> _EXERCISE REQUIREMENTS_
Whenever a line in the records below holds the string "Used", copy it out.

== Segment start ==

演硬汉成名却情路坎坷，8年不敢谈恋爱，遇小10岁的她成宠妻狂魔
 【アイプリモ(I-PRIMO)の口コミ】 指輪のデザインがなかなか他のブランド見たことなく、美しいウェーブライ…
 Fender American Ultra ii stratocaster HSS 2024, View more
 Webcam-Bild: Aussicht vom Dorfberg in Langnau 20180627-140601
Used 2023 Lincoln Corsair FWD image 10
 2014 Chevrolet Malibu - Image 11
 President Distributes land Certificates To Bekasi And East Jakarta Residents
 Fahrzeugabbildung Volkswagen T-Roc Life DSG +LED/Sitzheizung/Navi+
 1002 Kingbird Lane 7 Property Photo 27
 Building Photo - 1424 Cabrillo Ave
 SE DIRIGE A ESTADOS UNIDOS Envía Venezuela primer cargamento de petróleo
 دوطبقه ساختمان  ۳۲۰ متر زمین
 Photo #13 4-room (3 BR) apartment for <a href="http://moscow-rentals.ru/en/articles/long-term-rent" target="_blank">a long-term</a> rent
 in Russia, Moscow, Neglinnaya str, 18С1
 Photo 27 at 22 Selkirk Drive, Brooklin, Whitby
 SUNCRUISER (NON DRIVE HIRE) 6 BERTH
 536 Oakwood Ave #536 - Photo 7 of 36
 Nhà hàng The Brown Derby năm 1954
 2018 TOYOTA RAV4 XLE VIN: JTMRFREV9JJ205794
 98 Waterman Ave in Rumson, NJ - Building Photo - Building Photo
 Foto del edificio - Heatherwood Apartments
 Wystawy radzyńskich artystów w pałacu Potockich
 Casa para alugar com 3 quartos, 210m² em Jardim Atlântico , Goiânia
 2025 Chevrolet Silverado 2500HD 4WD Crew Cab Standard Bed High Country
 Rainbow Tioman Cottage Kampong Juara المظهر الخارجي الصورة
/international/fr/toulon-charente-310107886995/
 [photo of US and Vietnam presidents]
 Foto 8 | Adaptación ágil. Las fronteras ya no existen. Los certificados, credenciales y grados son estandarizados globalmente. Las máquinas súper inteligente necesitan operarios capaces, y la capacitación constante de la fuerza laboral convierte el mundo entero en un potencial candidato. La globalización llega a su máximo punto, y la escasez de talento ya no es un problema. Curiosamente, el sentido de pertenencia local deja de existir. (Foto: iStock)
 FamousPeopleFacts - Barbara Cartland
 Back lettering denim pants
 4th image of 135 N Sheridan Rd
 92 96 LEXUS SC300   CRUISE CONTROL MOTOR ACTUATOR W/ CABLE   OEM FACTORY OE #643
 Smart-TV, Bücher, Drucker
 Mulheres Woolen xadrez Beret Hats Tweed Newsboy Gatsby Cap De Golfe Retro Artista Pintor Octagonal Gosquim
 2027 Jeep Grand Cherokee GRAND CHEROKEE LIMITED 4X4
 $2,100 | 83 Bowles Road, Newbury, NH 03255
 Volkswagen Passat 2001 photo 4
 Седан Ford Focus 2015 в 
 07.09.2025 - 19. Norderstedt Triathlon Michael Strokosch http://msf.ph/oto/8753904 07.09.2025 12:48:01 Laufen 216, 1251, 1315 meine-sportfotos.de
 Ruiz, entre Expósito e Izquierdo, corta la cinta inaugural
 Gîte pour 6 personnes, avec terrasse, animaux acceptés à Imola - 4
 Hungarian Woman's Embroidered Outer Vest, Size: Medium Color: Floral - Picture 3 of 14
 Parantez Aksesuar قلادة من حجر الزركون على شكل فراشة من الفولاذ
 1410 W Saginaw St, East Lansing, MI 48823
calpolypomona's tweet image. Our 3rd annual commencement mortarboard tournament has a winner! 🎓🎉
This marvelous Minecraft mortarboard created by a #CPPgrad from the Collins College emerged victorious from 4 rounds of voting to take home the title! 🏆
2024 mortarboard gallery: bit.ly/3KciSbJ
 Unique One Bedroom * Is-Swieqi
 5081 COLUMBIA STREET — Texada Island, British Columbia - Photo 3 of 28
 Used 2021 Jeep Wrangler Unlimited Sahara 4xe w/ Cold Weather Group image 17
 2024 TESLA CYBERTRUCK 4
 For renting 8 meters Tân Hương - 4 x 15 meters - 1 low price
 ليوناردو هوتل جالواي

== Segment end ==

> _ANSWER SECTION_
Used 2023 Lincoln Corsair FWD image 10
 Used 2021 Jeep Wrangler Unlimited Sahara 4xe w/ Cold Weather Group image 17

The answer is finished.